Wow, that’s a lot of information packed in just four words, and I’m sure more things could be inferred. The compression rate is enormous. Calvin Harris, or whomever wrote the text, is able to communicate with us at a really really high rate. Shannon’s law of communication channels states that the maximum information transfer rate is the capacity of the communication channel times the mutual information. In this case, the capacity of the communication channel is four words. But because both we and the author share the same background information about what is romantic and how seasons work and about how long it takes the leaves to turn brown, we can get so much interesting knowledge out of these four words.

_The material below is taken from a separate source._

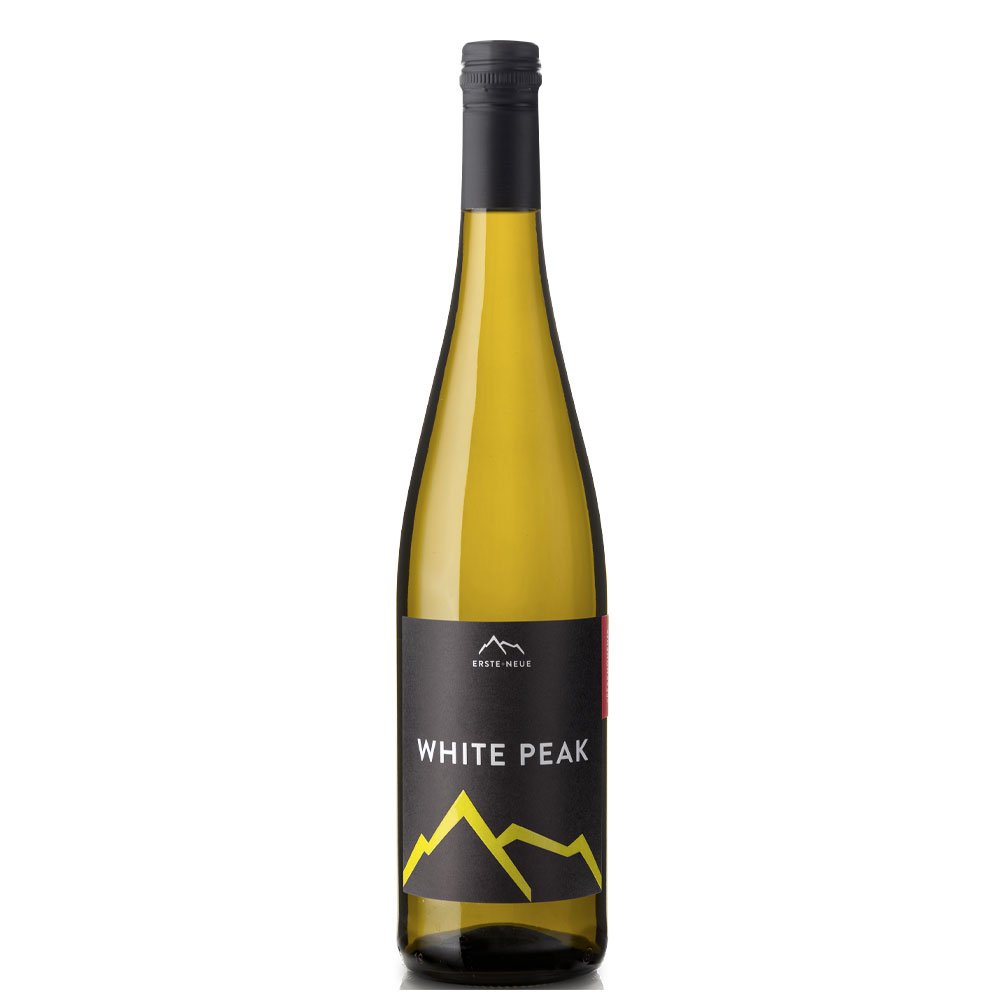 Vigneti delle Dolomiti IGT Cuvée White Peak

But there is more. The text of the song makes most sense when the listener is part of a certain social environment. Certain songs only make sense in a certain country. Similar to how many jokes are really hard to translate in a different language, if a person comes from a different background than you, then your joke would probably not be funny to them, and they might not understand why you like the text of a certain song. When a song is only understandable within a certain community, at a certain time, the song embeds something unique about that community. The song is an embedding of that community in that point in time. The song, and it lyrics is a very compact way of representing the “culture” of this environment.
Song lyrics and poetry are amazing in their ability to convey huge amount of information when the listener has shared background with the author. But they can also serve the opposite purpose - to define the environment, the feelings of the author, the emotions, the culture, the lesson and the cause. For when we understand the words and the feelings we could learn something about the environment if we know the author’s feelings.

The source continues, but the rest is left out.